= WORK TO BE COMPLETED =
Your reply should hold every entry below exactly as written and none of the pictures.

= DATA FOR THIS EXERCISE =
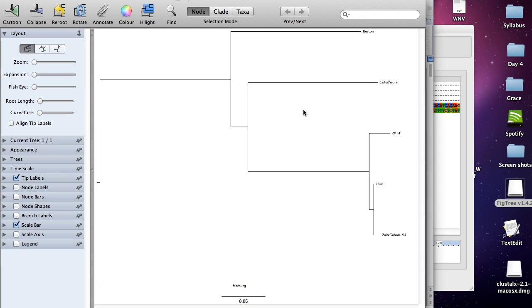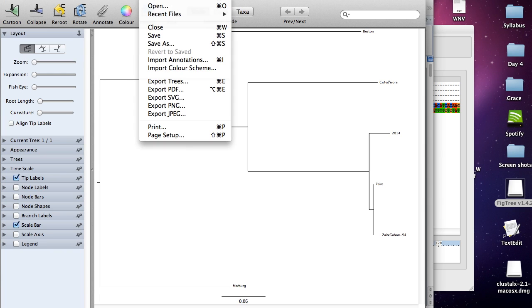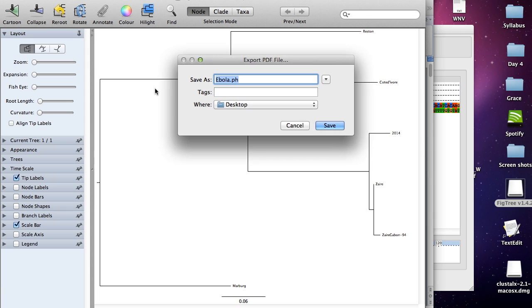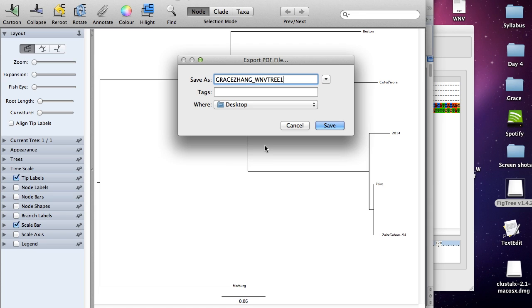Now we're pretty much done with this part of the assignment. All you have to do is click file, export PDF, and then you're going to save it as your name and then West Nile virus tree one. You're going to have another tree where you're going to add on another organism. In order to do that, you're going to have to go back to your text file and do these steps over again with the new virus.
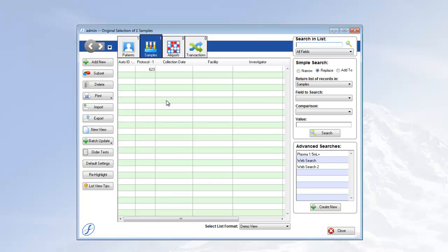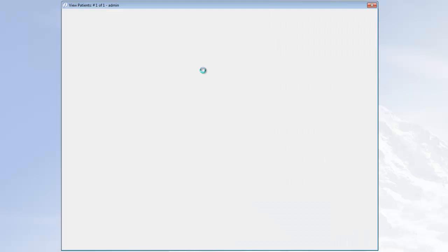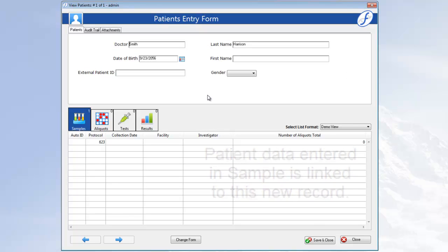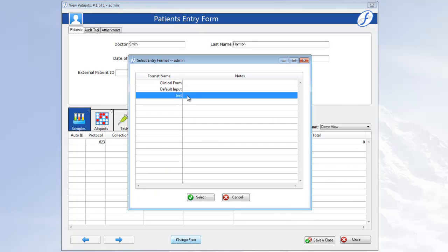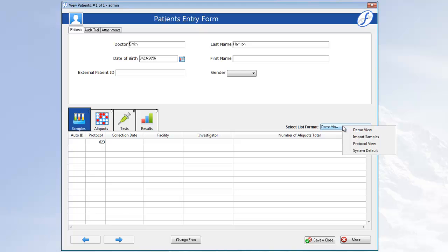Now, let's go to the Patients page and find the patient we just created and linked. If necessary, change the form to the one with the Patients fields that were on your samples form. The patient data we entered in the sample is here as well, and in the bottom section we can see the lone linked sample. We can use the list format drop down to pick a preferred samples list view.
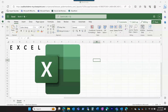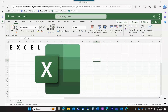Microsoft Excel is a powerful spreadsheet software that's commonly used in various industries for organizing, analyzing, and presenting data. It allows users to create and manipulate spreadsheets, which are composed of cells organized in rows and columns.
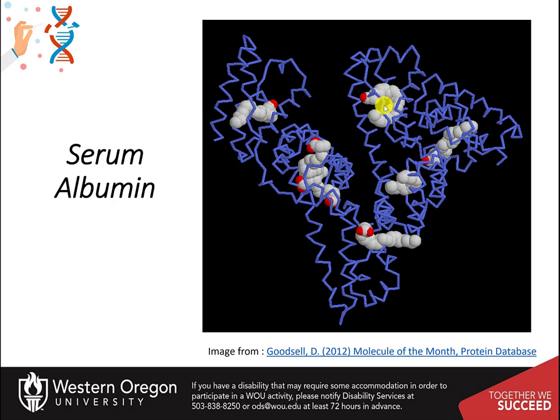Serum albumin also binds to many other water-insoluble molecules. In particular, serum albumin binds to many drug molecules, such as ibuprofen, and can strongly affect the way they are delivered through the body. In the next section, we will examine how cells that receive these free fatty acids utilize them for energy production.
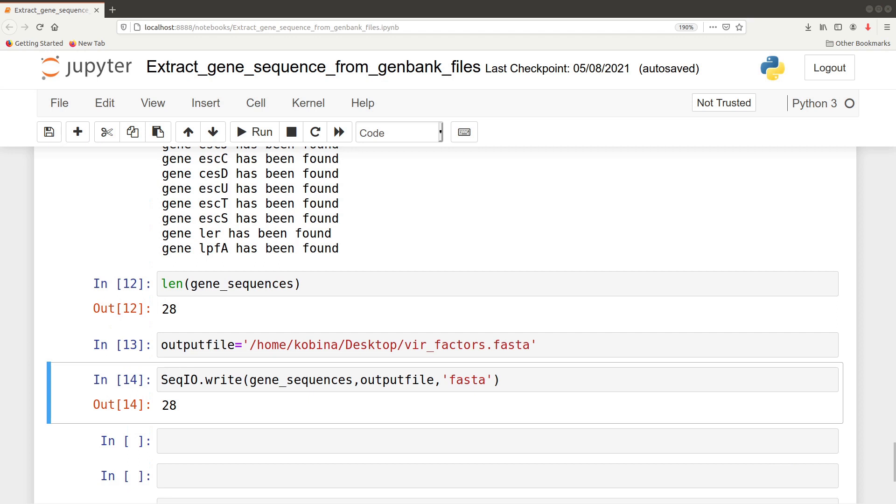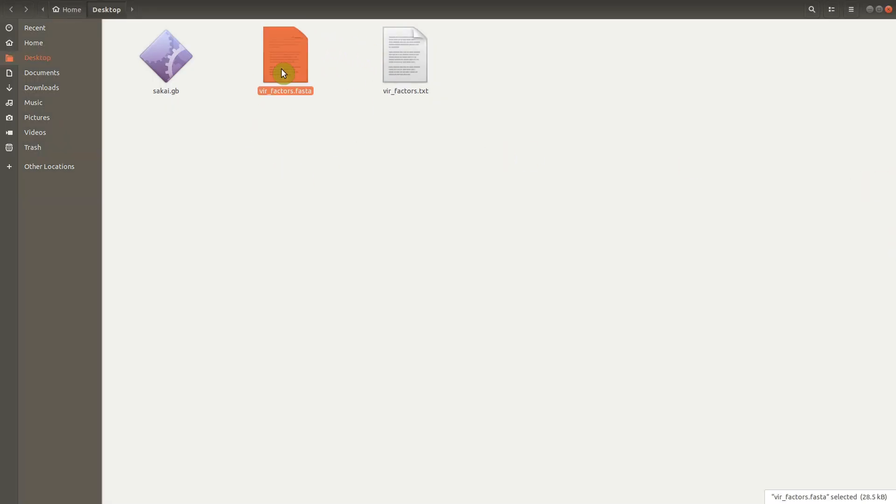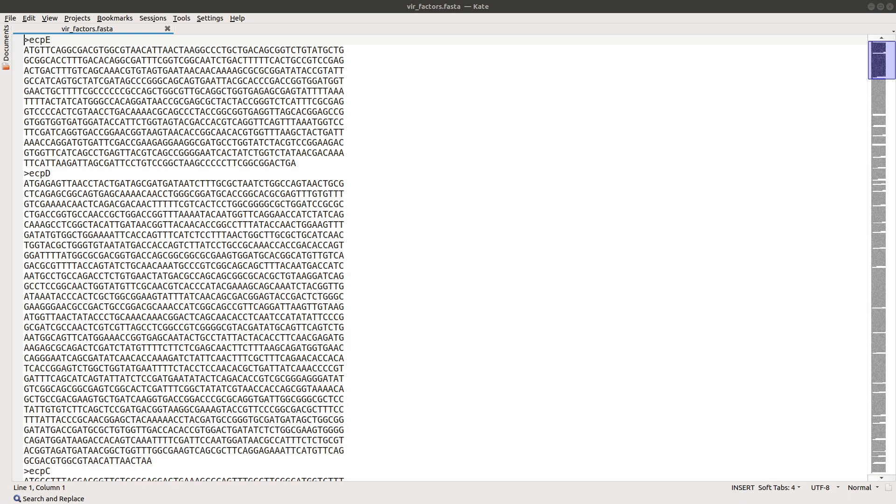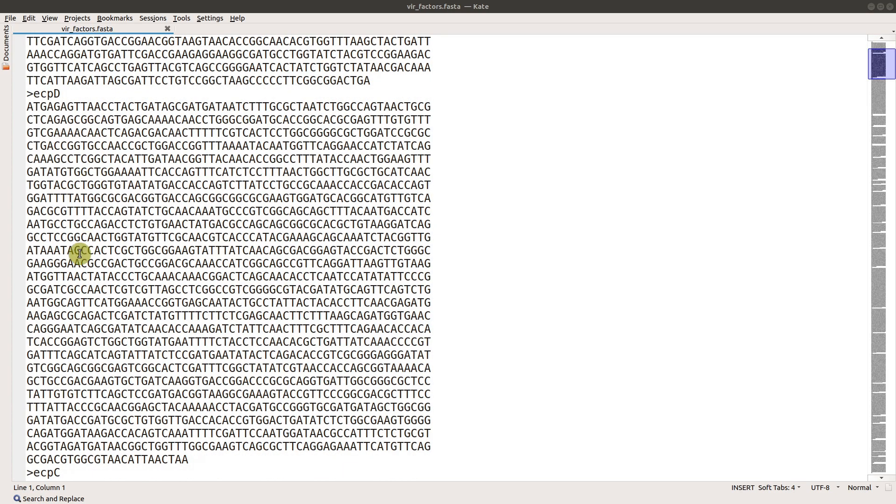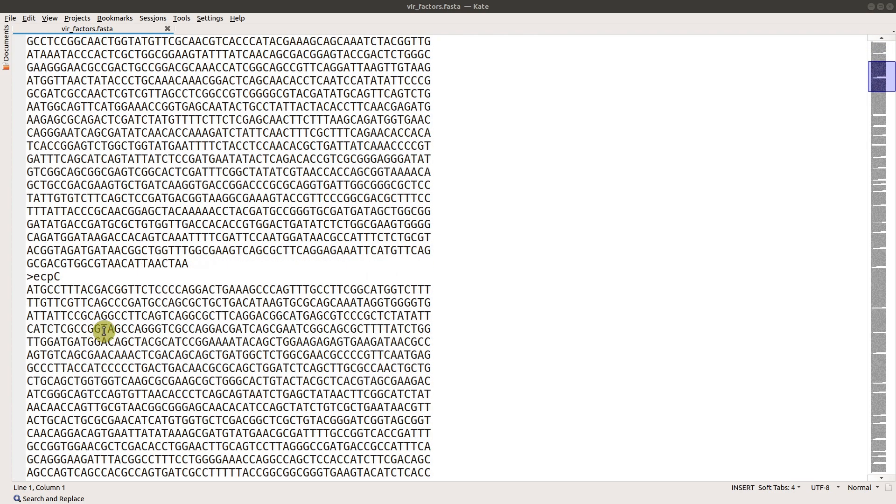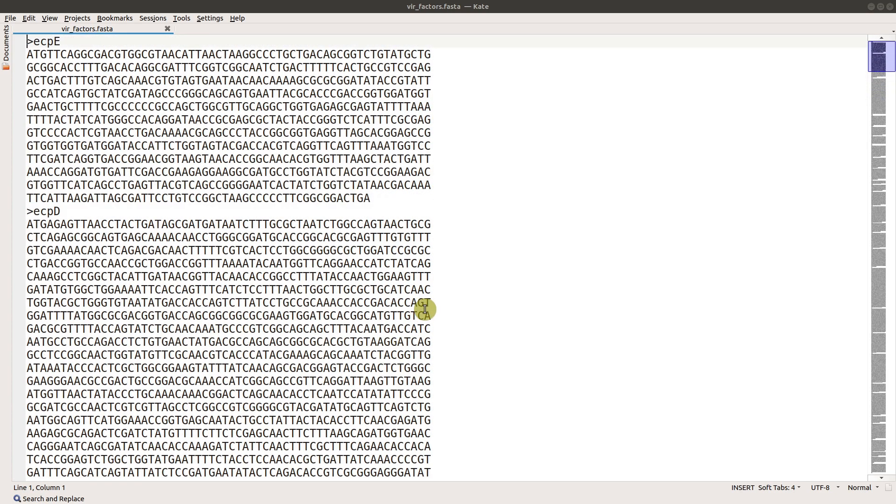Now let's quickly go to the desktop where we saved it to check the file out. This is the file that we have here. Let's open it to check the contents. There's the content of the file that we saved. Notice we have each of these genes and their sequences saved here. This is how we extract the sequences from here. From here, there are a number of things you can do depending on your research question - you might want to do some phylogenetic analysis or other calculations.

= ANSWER TO THIS EXERCISE =
Now we're pretty much done with this part of the assignment. All you have to do is click file, export PDF, and then you're going to save it as your name and then West Nile virus tree one. You're going to have another tree where you're going to add on another organism. In order to do that, you're going to have to go back to your text file and do these steps over again with the new virus.
Now, let's go to the Patients page and find the patient we just created and linked. If necessary, change the form to the one with the Patients fields that were on your samples form. The patient data we entered in the sample is here as well, and in the bottom section we can see the lone linked sample. We can use the list format drop down to pick a preferred samples list view.
Microsoft Excel is a powerful spreadsheet software that's commonly used in various industries for organizing, analyzing, and presenting data. It allows users to create and manipulate spreadsheets, which are composed of cells organized in rows and columns.
Serum albumin also binds to many other water-insoluble molecules. In particular, serum albumin binds to many drug molecules, such as ibuprofen, and can strongly affect the way they are delivered through the body. In the next section, we will examine how cells that receive these free fatty acids utilize them for energy production.
Now let's quickly go to the desktop where we saved it to check the file out. This is the file that we have here. Let's open it to check the contents. There's the content of the file that we saved. Notice we have each of these genes and their sequences saved here. This is how we extract the sequences from here. From here, there are a number of things you can do depending on your research question - you might want to do some phylogenetic analysis or other calculations.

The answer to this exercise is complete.